La couleur de peau de Duane Jones qui interprète le personnage principal n'avait peut-être pas d'importance particulière au moment du casting (toujours selon Romero), elle induit toutefois des tensions dans le récit, au sein de la maison assiégée, et illustre d'une certaine façon la situation des Noirs aux États-Unis en 1968 : une ombre d'inquiétude, un vague sentiment de menace se lisent dans le regard du personnage de Barbara (blanche) au moment de l'arrivée de Ben (noir) qui se sent d'abord obligé de justifier qu'il n'a pas volé la camionnette avec laquelle il est arrivé (!) et va ensuite entrer dans un rapport de force et de pouvoir avec l'un des deux hommes blancs de la cave. Son sort final, marqué par une terrible ironie tragique, rappelle par ailleurs les pires heures des crimes commis contre les Noirs aux États-Unis et peut facilement faire écho au sort tout aussi tragique de Martin Luther King, disparu le 4 avril 1968. Concernant la menace des zombies, faut-il y voir l'expression d'une peur d'invasion des communistes ou celle d'une mauvaise conscience à l'égard de "morts-vivants" vietnamiens furieusement bombardés à cette époque ? Tout est imaginable. L'idée d'associer ces zombies à l'actualité est appuyée par la forme même du film, très réaliste ou, du moins, qui entretient l'illusion d'une prise directe avec la réalité via l'insertion dans le récit de flashs d'info radio, de journaux télévisés avec intervention d'un expert scientifique et, à la fin, d'images fixes qui ressemblent à des photos de presse. Tout cela est renforcé, dans les scènes d'action, par l'utilisation d'une caméra à l'épaule, instable, aux effets quasi "documentaires". Et par un casting d'acteurs inconnus, personnages lambda auxquels il est facile de s'identifier.

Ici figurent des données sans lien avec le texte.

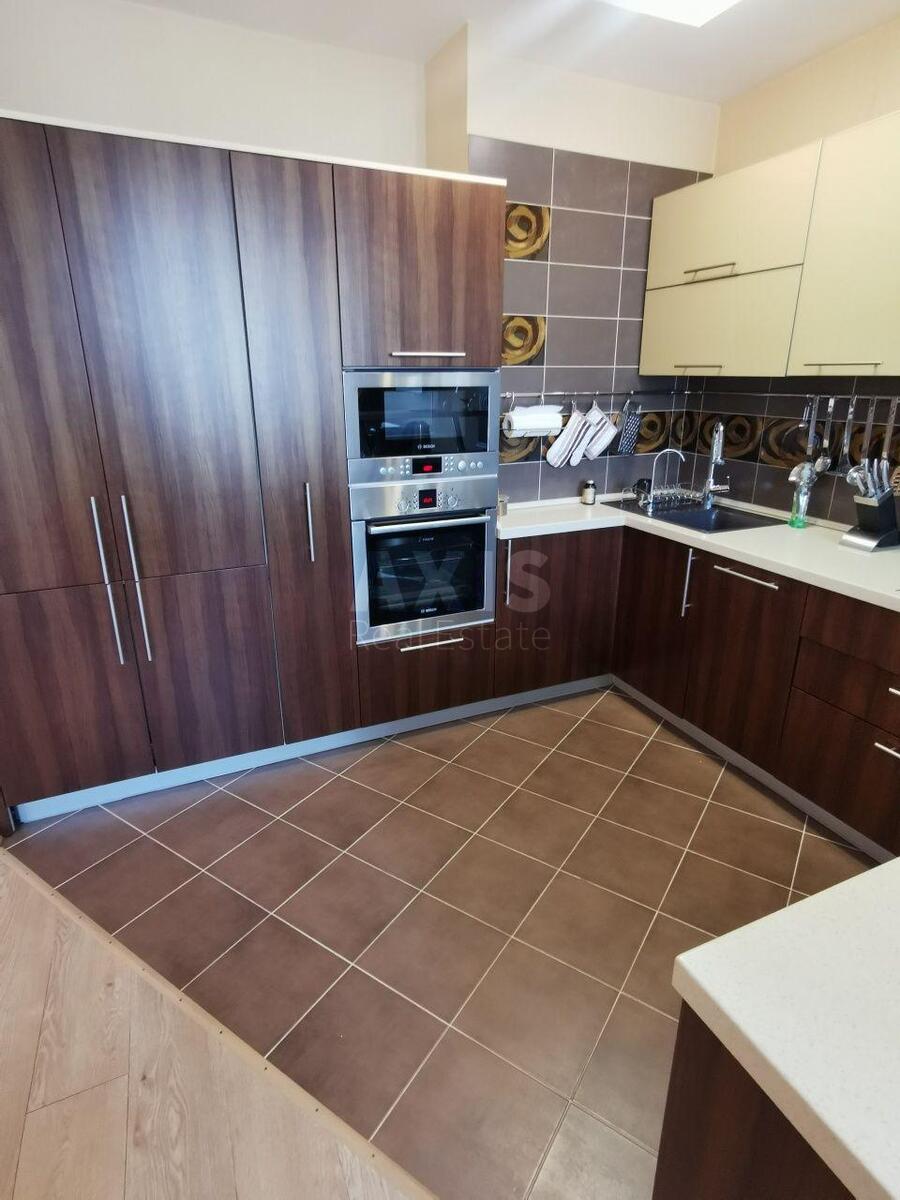 3k apartment vul. Knjazhyj Zaton 211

Ce premier long-métrage de Romero, qui est surtout l'oeuvre collective d'une bande de potes cinéphiles (et travaillant, pour la plupart, au sein d'une même société de production audiovisuelle), est donc un petit coup de maître qui transcende le film de genre pour l'ouvrir, même de manière plus ou moins involontaire, à une forme de critique sociopolitique. Tout n'est bien sûr pas parfait dans la réalisation (parfois maladroite), dans la narration (avec une partie centrale un peu longue et bavarde) ou dans l'accompagnement musical (envahissant au début). Mais dans ce bricolage d'amateurs doués, il y a des moments de vraie inspiration horrifique (notamment la scène de cannibalisme), des contre-plongées bien flippantes, une bonne gestion des espaces entre l'intérieur et l'extérieur (avec un intérieur qui, de refuge, devient maison de l'horreur) et un superbe noir et blanc. On notera enfin, sur le fond, l'audace d'une histoire bien cruelle à l'égard des "gentils" et dévoyant l'image angélique de l'enfance au cours d'une séquence souterraine assez monstrueuse.
Rapidement devenu film culte, puis classique de son genre, ce film de zombies a initié une mode durable dans la production de films d'horreur, une mode que Romero a continué lui-même à alimenter avec différents ersatz, participant aussi à sa façon au Nouvel Hollywood.